Which brings me to the ultimate result of a police state: anarchy. Where law means whatever someone in possession of power wants it to mean.
Breaking news. Terror suspect in Queens. Apparently, the government tried cooperating with this guy and he was used for information, but he turned on us and had instructions on his laptop on how to make bombs.
Did you also hear about the father and son who were making bombs in their basement? I guess you wouldn’t understand because you don’t live in New York City, which is their number one target.
These scum deserve to be tortured, and they deserve to have their rights violated. I don’t care who they are, and I’m glad some people in Congress feel the same way I do.
I don't see in that story that there was some as yet unproven utility to either warrant-less wiretaps or torture… so…what exactly is your point?
http://www.huffingtonpost.com/2009/09/23/watch-do…
Really? They're not going to go that far?
I am a student writing a persuasive essay on the government's use of wiretapping and was curious as to your opinions on the belief that if you're not doing anything "wrong" or illegal, then why should it matter if the government is paying attention to your communications?
The government keeps the information for use in data mining operations to look for patterns. If all they are using it for is anti-terrorism, this would indeed fit your question, as most of us are presumably not engaged in the support or activity of terrorism. That is not all they use it for. Such information can later be used by different administrations with a very different concept of "wrong" or "illegal" to find you guilty of "crimes" very different from terrorism. This is already true. The PATRIOT act has been repeatedly abused by the FBI and other institutions to prosecute various smuggling operations, drug distribution, etc, which are generally totally unrelated to national security or especially to "terrorism". A related problem is that for many years the government has tried to conceal its wiretaps and associated data mining (phone records, financial records), from their targets.
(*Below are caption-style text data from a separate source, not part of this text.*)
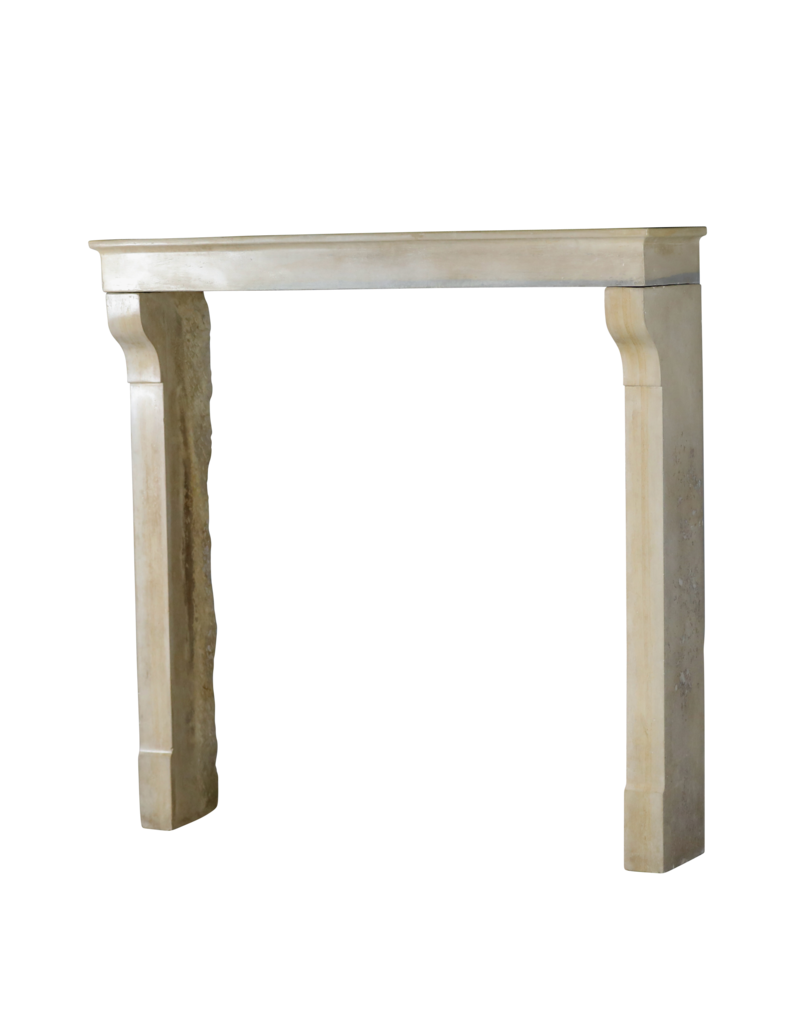 Maison Leon Van den Bogaert French Jura Limestone Fireplace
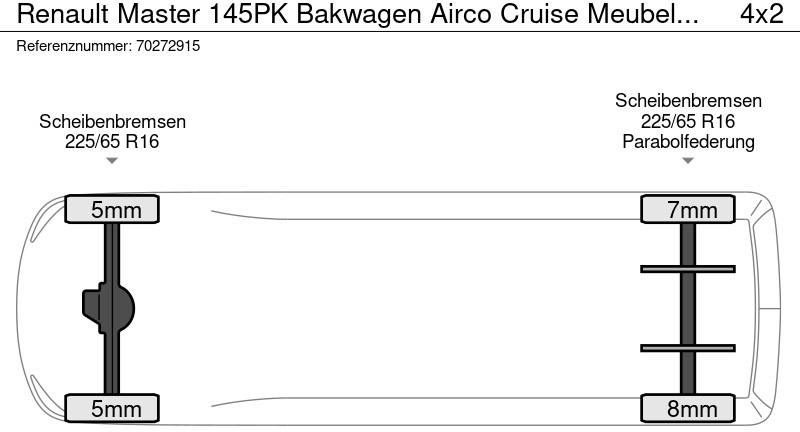 Leasing Renault Master 145PK Bakwagen Airco Cruise Meubelbak Plancher Verkoopwagen Foodtruck Paardenwagen 20m3 Airco Cruise control Renault Master 145PK Bakwagen Airco Cruise Meubelbak Plancher Verkoopwagen Foodtruck Paardenwagen 20m3 Airco Cruise control: gambar 20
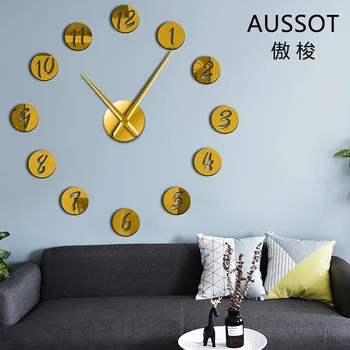 

Simple Sticker Wall Clock Digital Mechanism Creative Wall Clock Modern Design Diy Clock Kit Reloj Pared Home Decoration BZ50WC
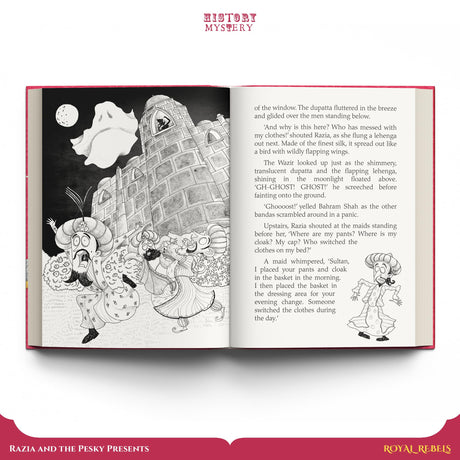 Royal Rebels: (3 in 1 HistoryMystery Series) A Hilarious Fusion of History and Mystery Featuring Three Indian Royals | Ages 8+ - Retail Maharaj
It is in fact still unknown to millions of Americans that they have been targeted for investigation on these grounds or whether or not they would or could be. Not only is this a violation of our 4th Amendment rights as citizens and nationals, but it makes it roughly impossible to mount a defence against the government should it decide to accuse you of being a potential terrorist threat, for example by placing you on a no-fly list, by restricting evidence available to you as a potential criminal.
What are people opinions on reducing constitutional rights during times of percieved terrorist threats?
The constitution includes a capacity to reduce some constitutional rights during times of insurrection or civil strife. However a "terrorist threat" is a rather vague criminal act, however heinous and shocking it may be, rather than an ongoing and visible riot or civil war.
Additionally most of the investigative tools that were requested or supposedly absent from 9-11 already existed prior to Constitutionally abusive things like national security letters or wiretapping. It wasn't necessary to reduce constitutional rights so much as allocate more resources or move them around.